5 out of 5
Label: Turntable Kitchen
Produced by: Eric D. Johnson
I was of the grunge generation. I had the experience of witnessing Smells Like Teen Spirit on MTV; of seeing video premieres that enraptured with their hooks and edge – the weird mixing of something popular also feeling rebellious. Hearing tracks on the radio that felt like something new, and worthy of becoming an instant obsession. Are these experiences unique to my generation? No, surely not. But I do think that (as it seems now) brief period where Nirvanas and Soundgardens and Smashing Pumpkins ruled our attentions and CD collections was a notable one.
But I also moved on quickly. I owned albums by the aforementioned bands and surely listened to them enough to commit them to permanent memory, but I oddly don’t seem to have much nostalgia for them; rather, the genres these albums encouraged me to shift toward seem to have formed those deeper connections. However, I don’t think an album like Siamese Dream got stuck temporarily in my playlist only because it was cool at the time: the notability of this era is because the stuff that was hitting the tops of alternative charts was also incredibly good. The quality of the music; of the performances; of the production; of the lyrics. It stands the test of time. The testament is when an artist with appreciation for the depths of the material – like Fruit Bats – comes along and re-presents it; reformats it. Plenty of people have covered tracks from Siamese Dream and the majority come across that way: as covers. But Eric D. Johnson of the Bats hasn’t made this on a lark, rather adapting it to his band’s own lush, raw style… which happens to be a perfect parallel to the lush and raw style of the original, albeit in a much different top-down genre.
I think I was expecting this full-album remake of Dream to be rather loose – probably acoustic, solo stuff. And that’s the core sound, but it’s enhanced wholly, with backup vocals, drums, keys, and tonal layering. Johnson chose slightly different approaches (poppier; slower) appropriate to his interpretation on each song, while maintaining the recognizable spirit and vibe of the sources. It’s a Fruit Bats album that reminds of the indie-Chicago roots where the group started, sprung forward through their decades of evolution. I don’t want to mislead that things are necessarily rewritten, but there’s a consideration for how to translate this stuff so it feels personal; it is the ideal set of covers that re-present the material in a new light to give it new meaning, while also bringing fresh appreciation for the original works. It also rather humorously juxtaposes Johnson’s pretty vocal lilt with Pumpkins’ Billy Corgan’s nasal tones – I never would’ve compared the two singers, but they are actually pretty similar, suggesting the “setting” for our music can influence our opinions on certain aspects of it. (That is: because Pumpkins was seen as a grunge band, surely the singer wasn’t necessarily very good.)

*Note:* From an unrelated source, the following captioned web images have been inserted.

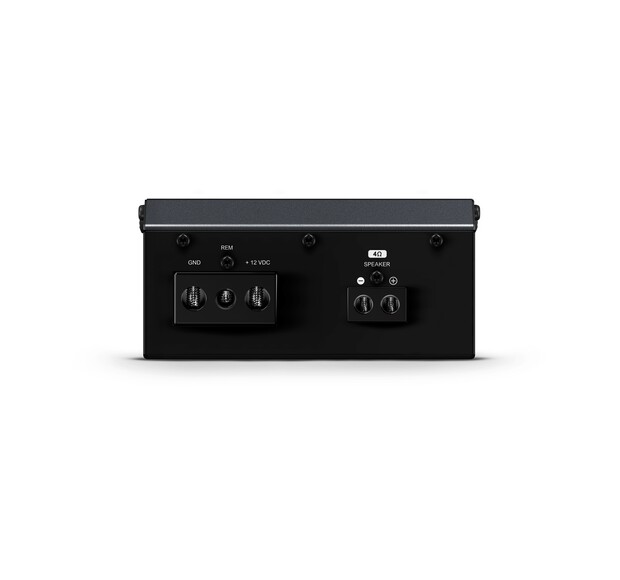 SounDigital 1200.1 EVO 6 - 1 Ohm - 5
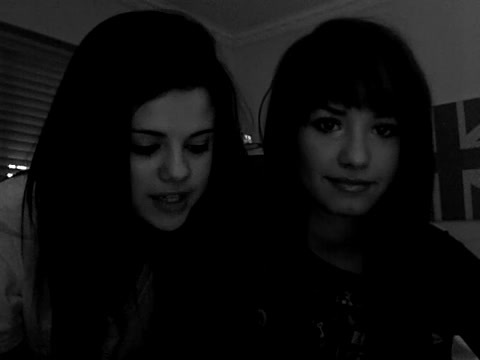 demi Lovato and Selena Gomez shout outs!! 1905 - Demilush and Selena Gomez shout outs Part oo4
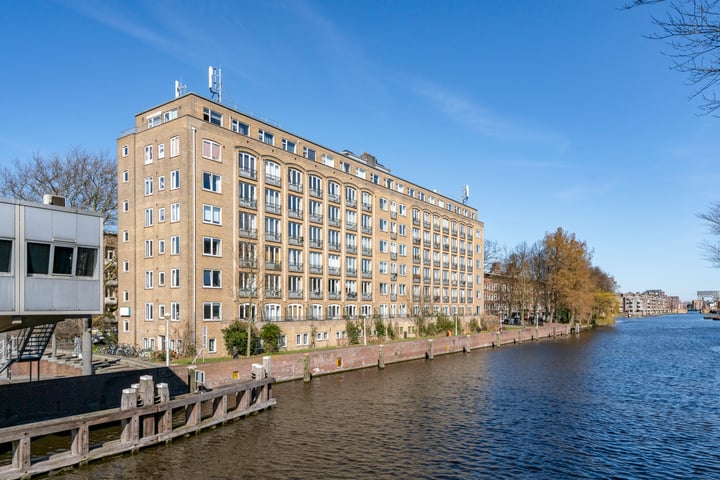 Korte Geuzenstraat 304 in Amsterdam foto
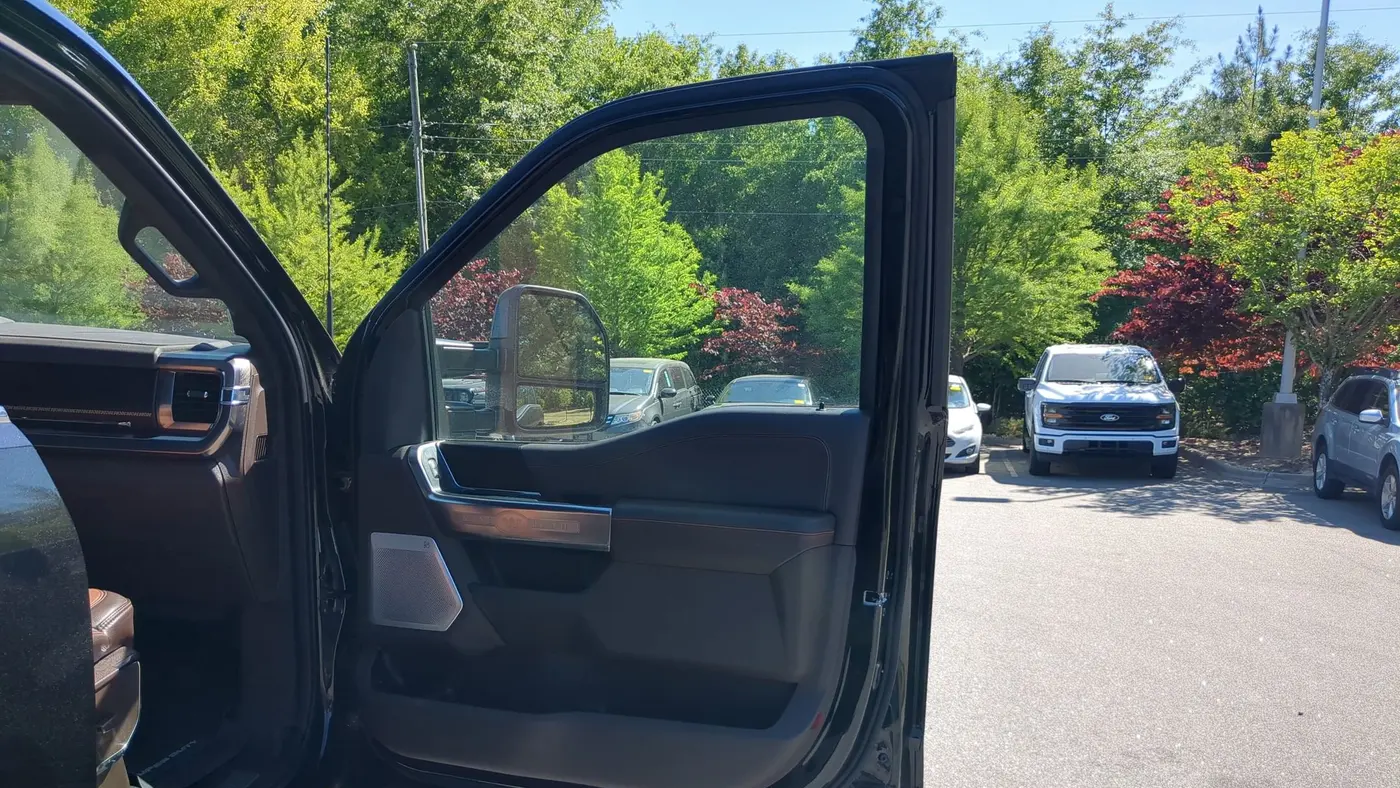 2024 Ford F-250 Super Duty King Ranch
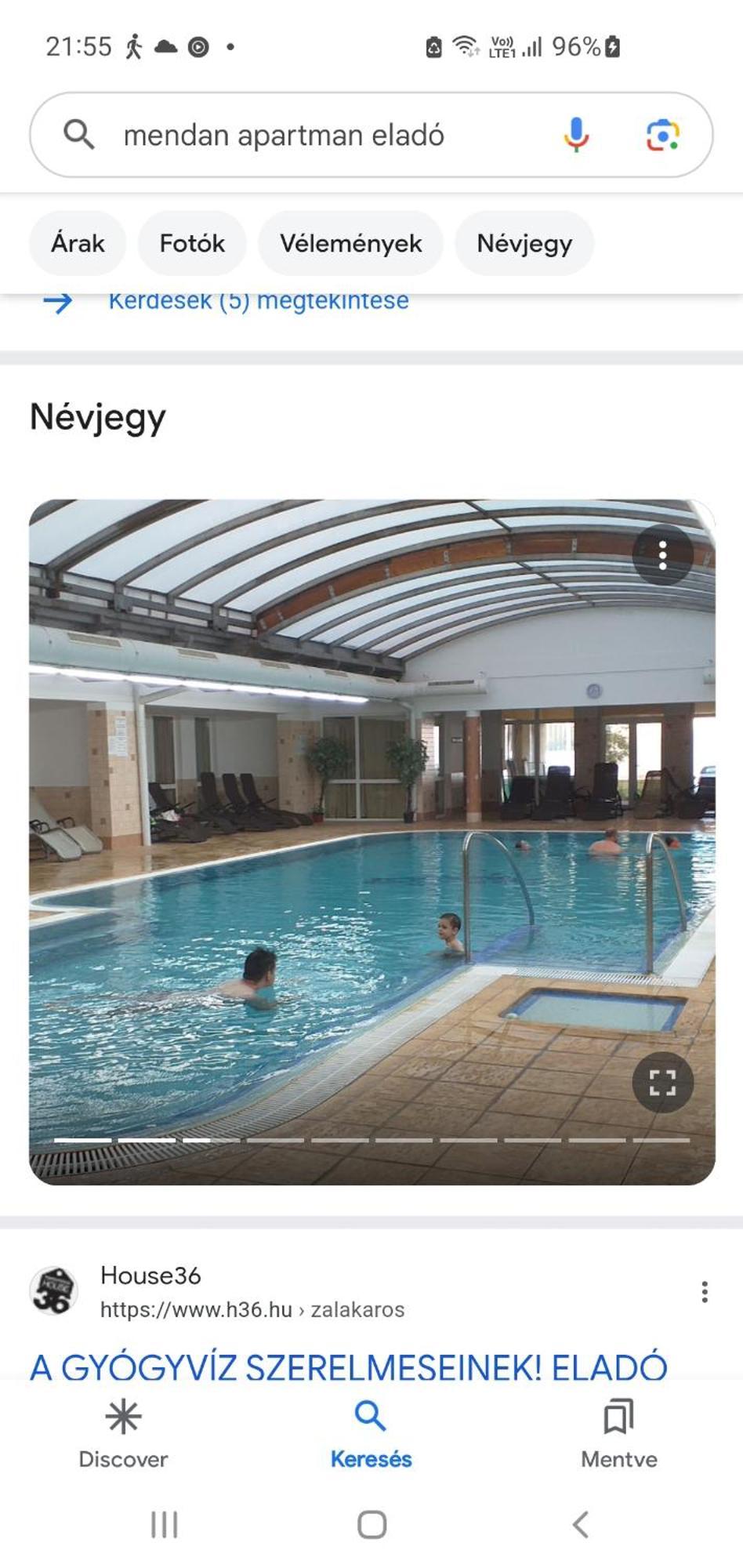 Greti Apartman Zalakaros Bagian luar foto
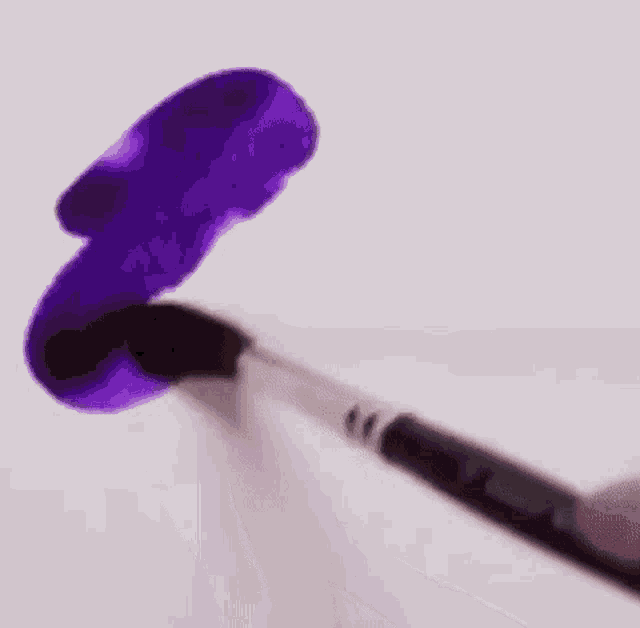 Purple Watercolor GIF - Purple Watercolor Paint GIFs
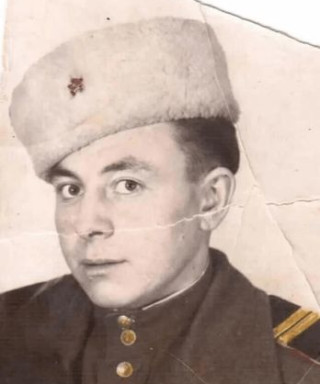 Парфенов Николай Васильевич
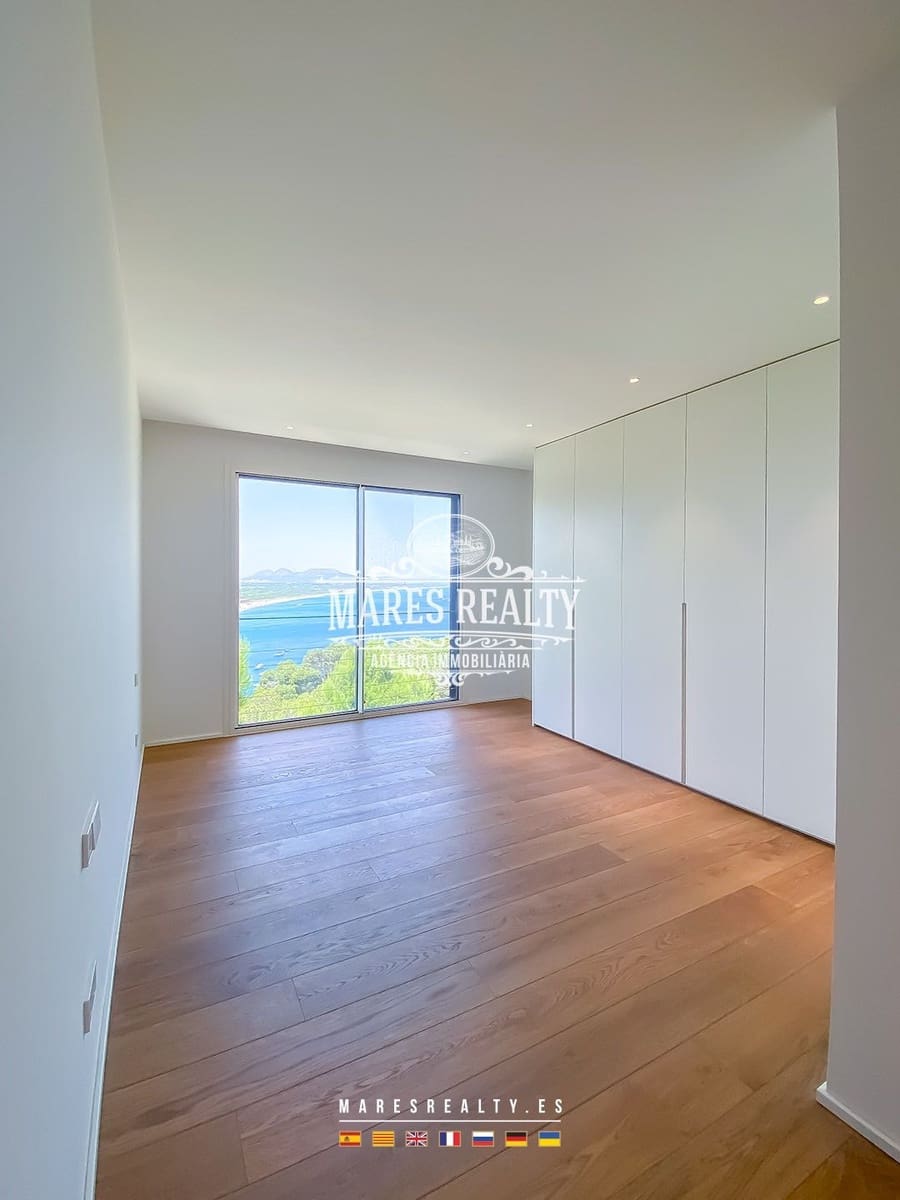 4 Zimmer Villa zu verkaufen in Begur mit Pool Garage - 2.675.000 € (Ref: 8481812)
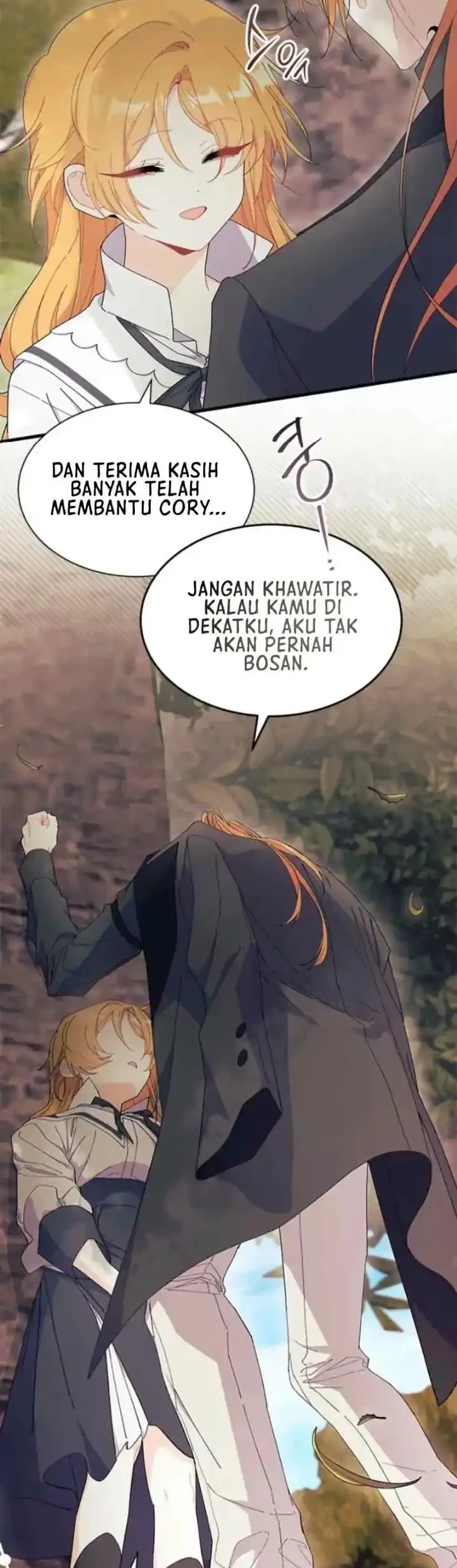 I Don’t Want to Play Matchmaker! Chapter 96 Gambar 41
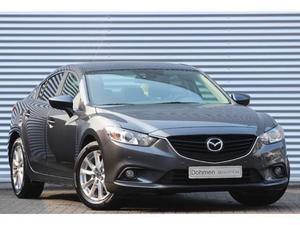 Mazda 6 2.0 HP 165PK TS  | Navi | Climate | Keyless | 2xPDC | Lmv | Winterset | ZONDAGS OPEN!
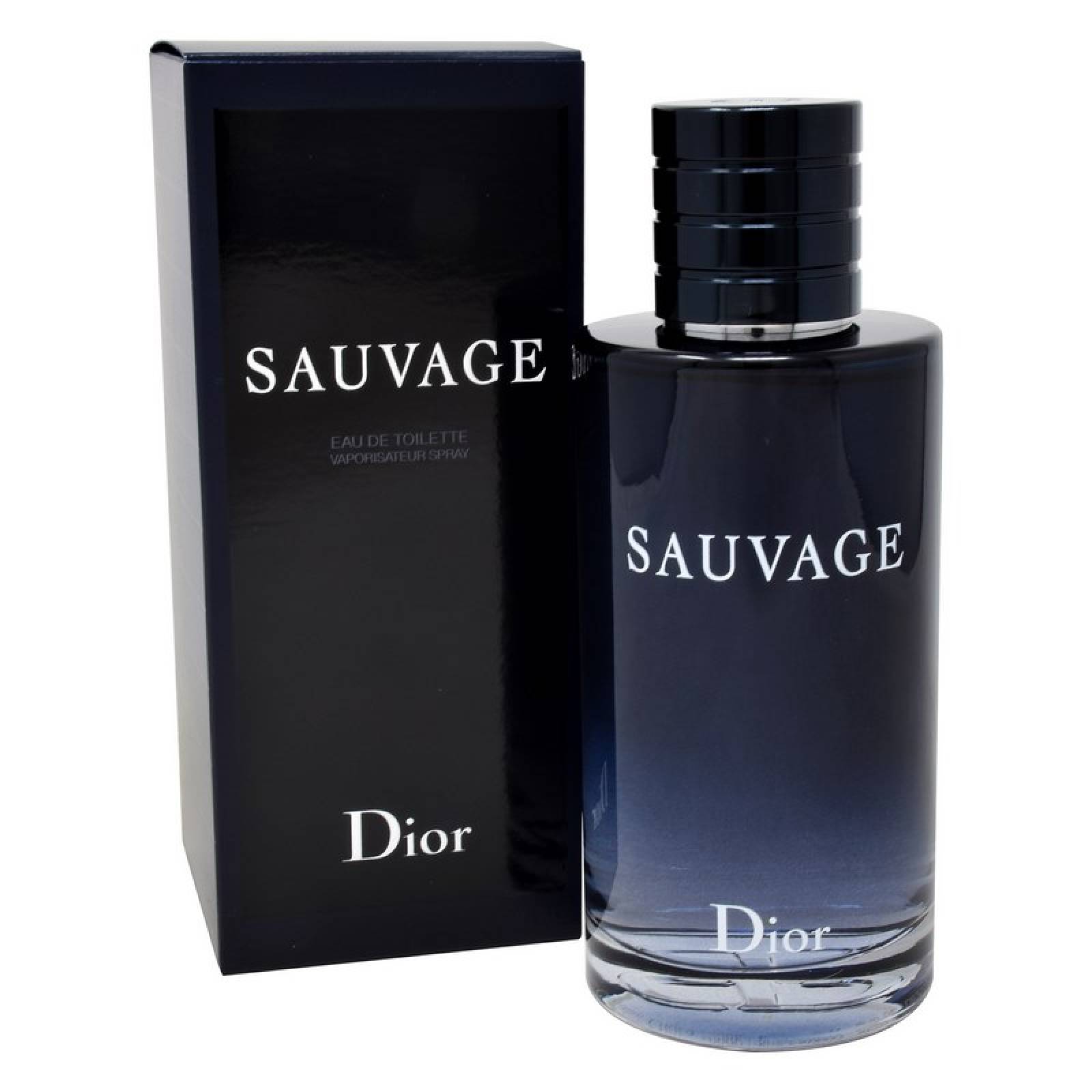 Sauvage 200 ml Eau de Toilette Spray de Christian Dior Fragancia para Caballero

Housed in a jacket with a wash of colors designed by Morgan Keys which is also evocative of the original’s color scheme, Fruit Bats’ take on Siamese Dream has much more impact than I was expecting, rendering an album that I’ve previously enjoyed but not given much weight to in my overall musical history into something beautifully fresh, emotional, and fun, and excites me to go back and re-explore that musical history.